# Why does the chromaticity diagram look like that?

tags:: color
date:: Jan 8th, 2024

I've always wanted to understand color theory, so I started reading about the XYZ color space which looked like it was the mother of all color spaces. I had no idea what that meant, but it was created in 1931 so studying 93-year old research seemed like a good place to start.

When reading about the XYZ color space, this cursed image keeps popping up:

I say "cursed" because I have no idea what that means. What the heck is that shape??

I couldn't find any reasonably clear answer to my question. It's obviously not a formula like x = func(y). Why is it that shape, and where did the colors come from? Obviously the edges are wavelengths which have a specific color, but how did the image above compute every pixel?

I became obsessed with this question. Below is the path I took to try to answer it.

I'll spoil the answer but it might not make sense until you read this article: the shape comes from how our eyes perceive red, green, and blue relative to each other. Skip to the last section if you want to see some direct examples.
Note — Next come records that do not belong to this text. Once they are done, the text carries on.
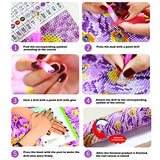 5D DIY Diamond Painting Kits for Adults Paint by Numbers Full Drills Rhinestone Embroidery Cross Stitch (Umbrella, 3040cm)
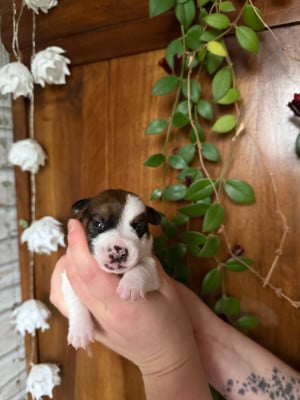 Male 2 - Jack Russell Terrier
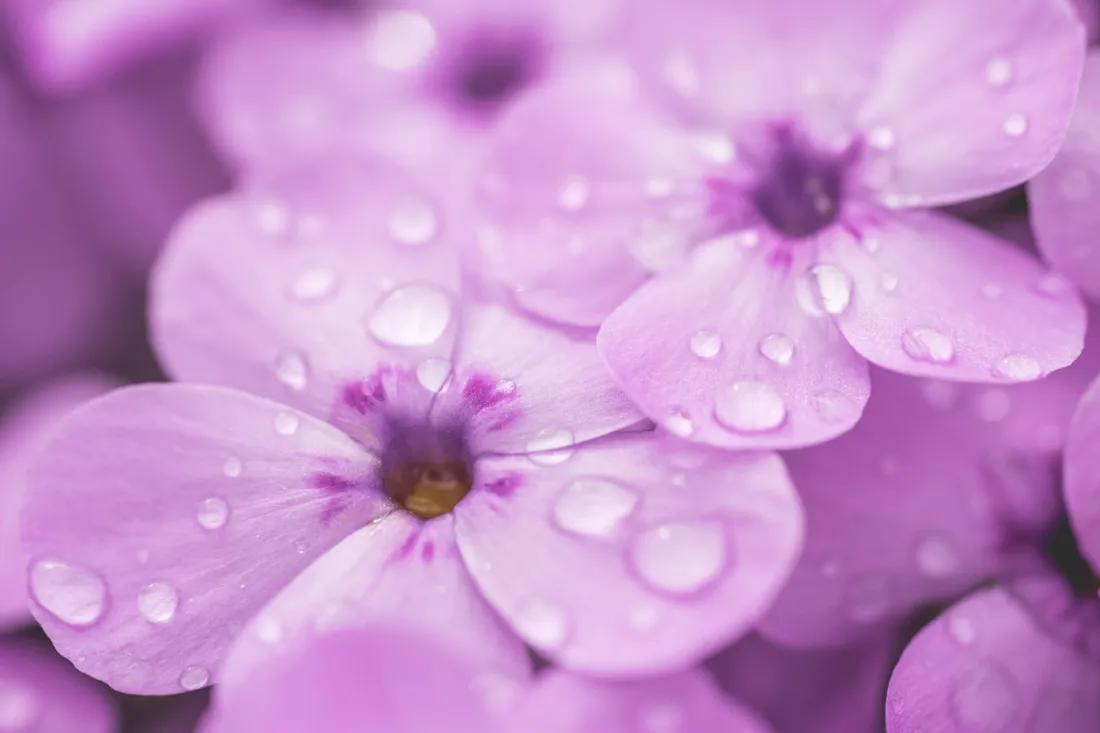 Worlds Most Beautiful Flowers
The fill colors inside the shape are another story, but a simple explanation is there is some math to calculate the mixture of colors and we can draw the above by sampling millions of points in the space and rendering them onto the 2d image.

Let's dig in more.

## Color matching functions

The first place to start is color matching functions. These functions determine the strength of specific wavelengths (color) to contribute so that our eyes perceive a target wavelength (color). We have 3 color matching functions for red, green, and blue (at wavelengths 700, 546, and 435 respectively), and these functions specify how to mix RGB to so that we visually see a spectral color.
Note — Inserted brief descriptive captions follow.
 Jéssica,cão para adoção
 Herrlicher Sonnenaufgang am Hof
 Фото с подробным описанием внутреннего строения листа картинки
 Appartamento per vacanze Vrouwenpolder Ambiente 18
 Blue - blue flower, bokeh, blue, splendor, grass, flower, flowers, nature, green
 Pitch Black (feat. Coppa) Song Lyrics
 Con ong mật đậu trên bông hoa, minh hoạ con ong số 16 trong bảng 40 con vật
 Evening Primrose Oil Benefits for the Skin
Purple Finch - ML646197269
More simply put: imagine that you have red, green, and blue light sources. What is the intensity of each one so that the resulting light matches a specific color on the spectrum?
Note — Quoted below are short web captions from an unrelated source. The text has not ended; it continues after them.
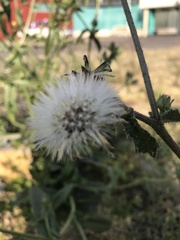 Helminthotheca echioides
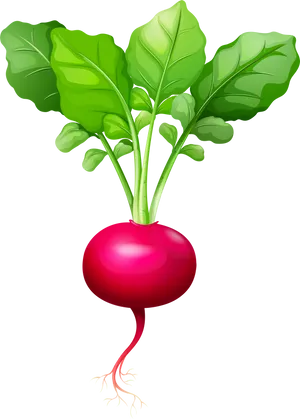 Fresh Red Radish Illustration.png PNG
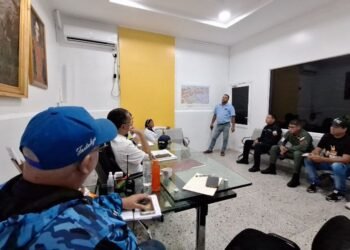 Conformaron en Arismendi el Estado Mayor Municipal de Electricidad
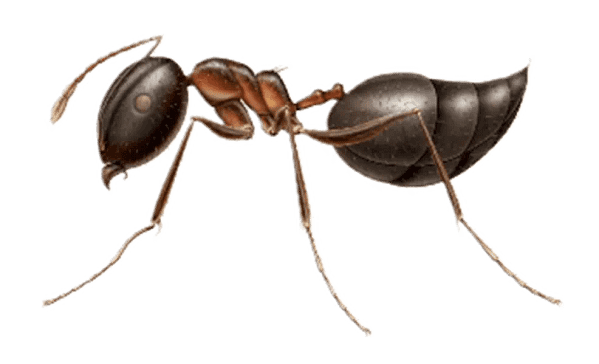 Common Ants in Sevierville and Eastern Tennessee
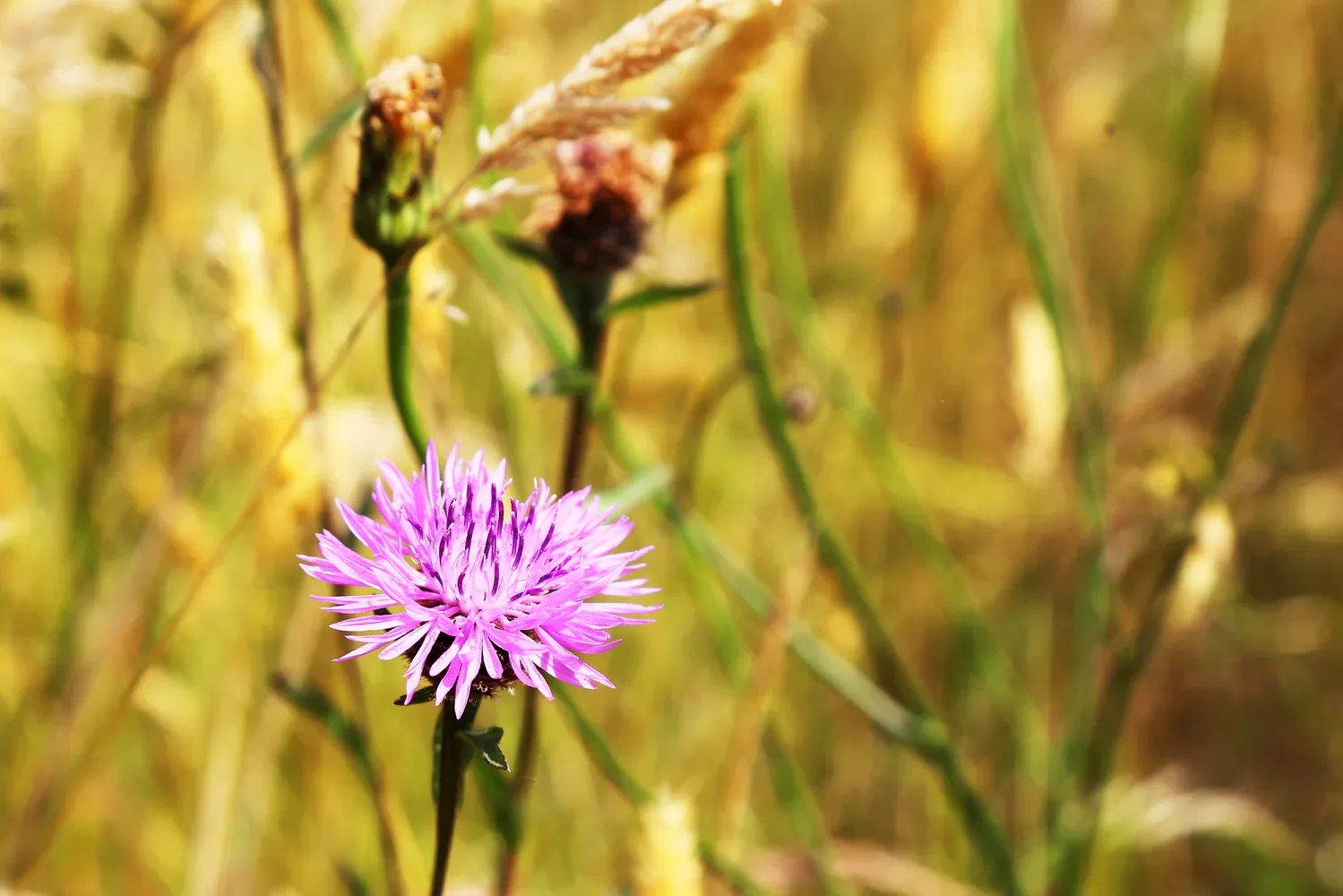 le bois du fief des ormeraies — photo 1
Note that these are spectral colors: monochromatic light with a single wavelength. Think of colors on the rainbow. Many colors are not spectral, and are a mix of many spectral colors.

The CIE 1931 color space defines these RGB color matching functions. The red, green, and blue lines represent the intensity of each RGB light source:

Note: this plot uses the table from the original study. This raw data must not be used anymore because I couldn't find it anywhere. I had to extract it myself from an appendix in the original report.

Given a wavelength on the X axis, you can see how to "mix" the RGB wavelengths to produce the target color.

How did they come up with these? They scientifically studied how our eyes mix RGB colors by sitting people down in a room with multiple light sources. One light source was the target color, and the other side had red, green, and blue light sources. People had to adjust the strength of the RGB sources until it matched the target color. They literally had people manually adjust lights and recorded the values! There's a great article that explains the experiments in more detail.

There's a big problem with the above functions. Can you see it? What do you think a negative red light source means?

It's nonsense! That means with this model, given pure RGB lights, there are certain spectral colors that are impossible to recreate. However, this data is still incredibly useful and we can transform it into something meaningful.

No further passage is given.